The court does not agree. While it is true that there has been a great deal of publicity about the difficulties encountered by Gimbels and other stores in dealing with the problem of theft, this does not mean that people using fitting rooms do not have an expectation of privacy. The function of a fitting room is, after all, to provide a place where a customer can try on items of clothing in private, undisturbed from the observation of others. Simply because a person suspects that there is a possibility that someone may be looking in does not negate the expectation of privacy. Certainly Gimbels, or any other business, has a real interest in protecting itself against theft.

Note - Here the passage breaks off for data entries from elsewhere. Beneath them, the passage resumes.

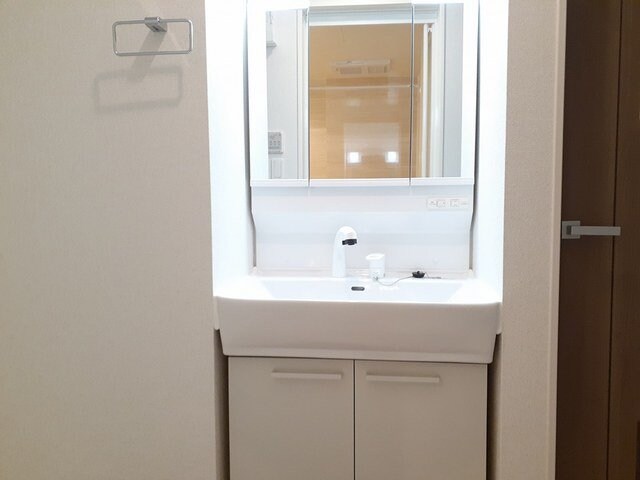 物件内観写真12　(明るい洗面所です)
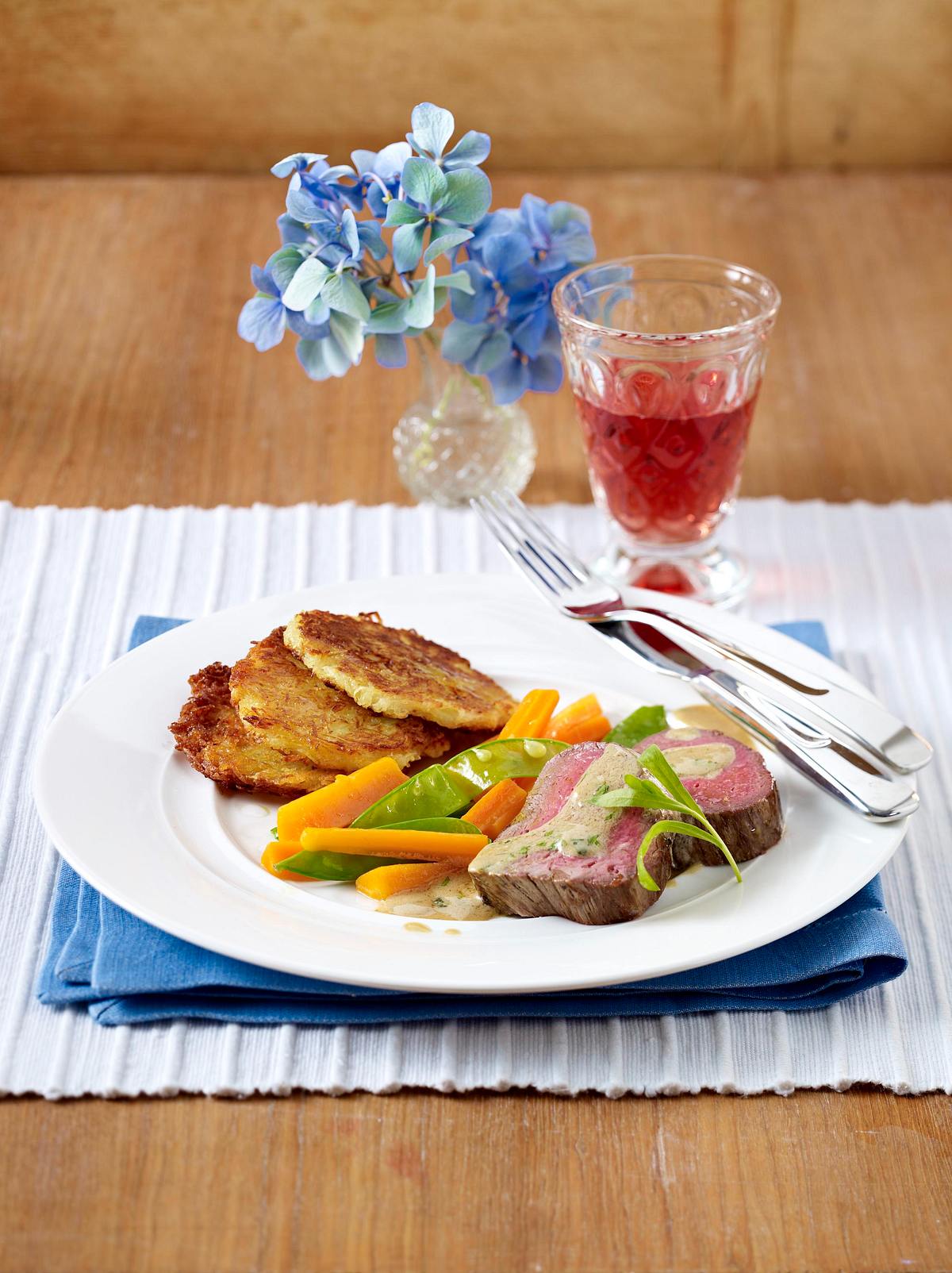 Rinderfilet an Estragonsoße mit Rösti (das perfekte Dinner) Rezept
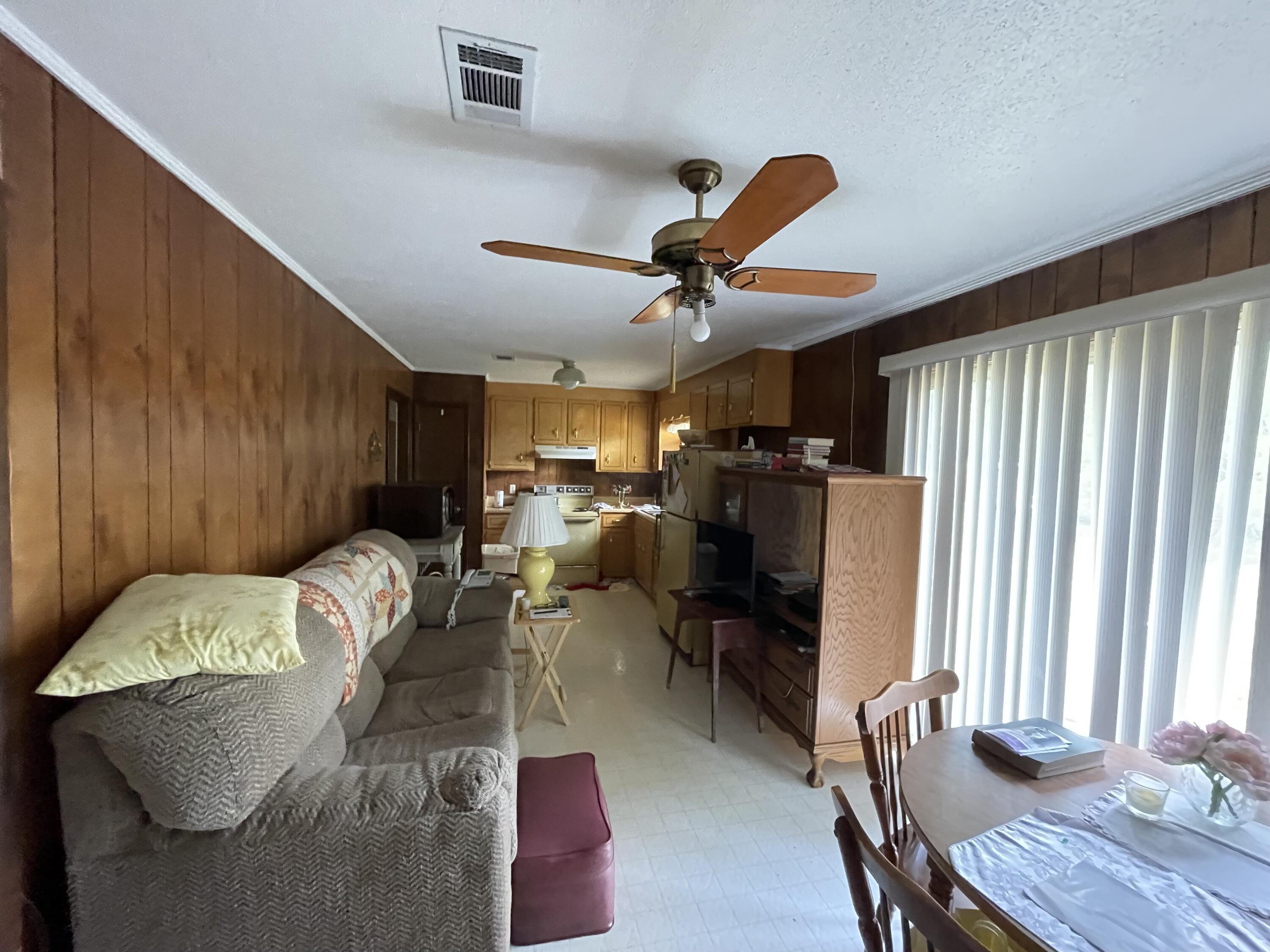 NO RECORDED SUBDIVISION - Residential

The People also contend that, regardless of the issue of defendant’s reasonable expectation of privacy, Ms. Mundy had probable cause to search in the instant situation in that she saw defendant Humphrey place a scarf in her knapsackj which she removed when approached by a sales clerk. At most, the defendants’ conduct is suspicious and equivocal, which, without more, does not justify a search. (People v Brown, 24 NY2d 421; People v Corrado, 22 NY2d 308; Agnello v United States, 269 US 20; Jones v United States, 357 US 493; see, also, People v Oden, 36 NY2d 382; People v Brown, 32 NY2d 172.) ,
Consequently, the defendant’s motion to suppress the visual observations of Ms. Mundy, as well as all testimony and physical evidence derived therefrom, is granted.